We are the richest country in the world primarily based on the post-war era. However, the asining notion of “the free market,” which means rejecting the duty of the government to regulate commerce is killing us. We tried capitalism with no regulation in the 19th and early 20th Centuries, and we suffered depressions nearly every decade. Since the Great Depression of the 1930s, with government establishing guidance and regulation, we have yet to see a depression. We missed one by a hair in 2008-2009, only because of the regulations that were still in place. Markets need regulation. Without it, markets are guided by crooks, and crooks spoil the economy, they don’t make it better.

There is no such thing as a “free market.” Every market is run by someone, and that someone should always be us. Republicans need to join the reality-based community. Congress must do its job. We are supposed to run the market, not a few select large corporations or individuals. We are the government.


The “Free Market” Fantasy — 2 Comments

  1. One has only to look back a little over a century ago to the so-called “Gilded Age,” to see what happens in an “unfettered free market” so beloved of the Right. Monopolies, “Trusts,” and an extraordinary concentration of wealth in the hands of a few. Regular market crashes, deep and long-lasting depressions, panics, and bank failures. It was great if you were one of the wealthy, terrible if you weren’t.

    We’re seeing that again. “Deregulation” only “worked” for a very short time frame, before the market once again left us with virtual monopolies and worse service.

  2. This is excellent historical and political analyis, Milt. Thank you.

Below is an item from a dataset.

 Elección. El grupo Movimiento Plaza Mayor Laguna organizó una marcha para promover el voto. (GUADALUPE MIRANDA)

The Founding Fathers came out of a colonial economy that was based in the towns and cities rather than a central administration. The colonial legislature did very little, and what they regulated – e.g., the protection of white pines for the Crown’s naval fleet masts – was pretty minimal. But the towns regulated everything – who would get access to the market, what quality of goods was demanded for sale, what PRICE could be asked, weights and measures required for honorable and legal purveying. Millers and other producers had ‘privileges’ – they were pre-approved by the Town Meeting to do this work at the standards and annual prices the town required. Failure to comply could cost them access to that production and right to sell. All of which was for one thing: to protect one another from predators and create a ‘moral economy’.

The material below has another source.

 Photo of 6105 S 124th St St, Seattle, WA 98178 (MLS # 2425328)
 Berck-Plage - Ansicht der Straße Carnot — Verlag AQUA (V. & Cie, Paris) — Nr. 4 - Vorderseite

    This is the context into which the new nation and the Constitution was set so that the first steps of deregulation were cautious and careful – even those embracing individualism and personal accumulation still wished to avoid the exploitations of so-called free markets that they could observe were happening in Europe.

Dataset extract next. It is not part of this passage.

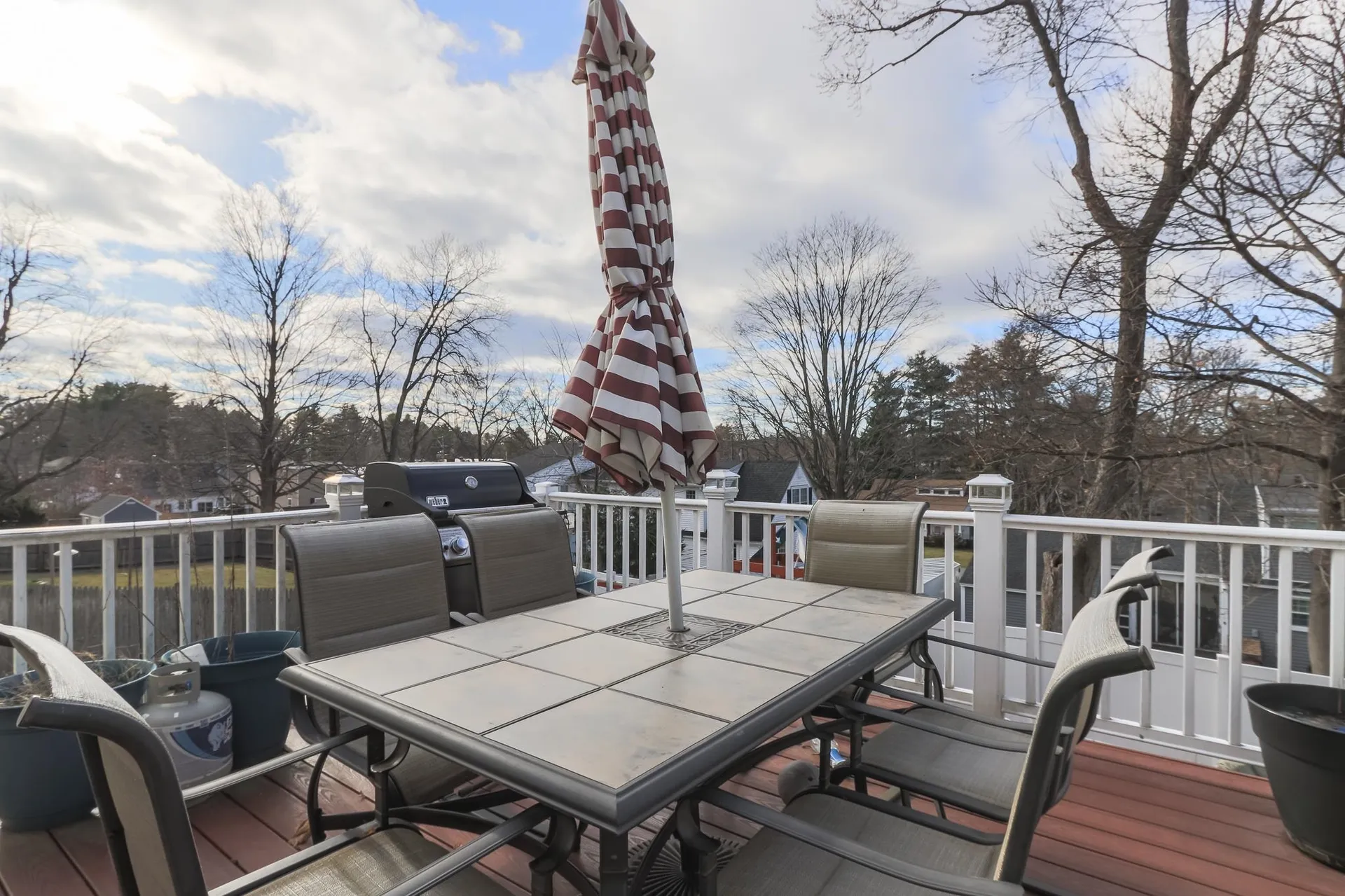 10 Burnside Street Nashua NH 03064-1519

    It was not until much later as you note – post Civil War – that general whoopee occurred, the unleashing of unfettered accumulation by the crass and powerful, and it was the darkest part of our history outside of slavery. Massive exploitation, danger, and death visited working people who had become mere commodities, and yes, Depressions were a fact of life every 3-8 years. Not recessions – depressions. When the current GOP under Bush talked about returning to the days ‘before Roosevelt’ – they were talking about TEDDY, not Franklin. The rush to the Gilded Age benefits only the super rich not the rest of us, and the idea of national stability through shared economic benefits has been abandoned by too many in favor of quick returns for the honored few. That is the stuff of European absolute monarchs from a time of massive instability, and embracing it as a good thing is jaw-droppingly ignorant and dangerous. A little more embrace of the ‘moral economy’ would make us far stronger as a nation, as a people, as an economy.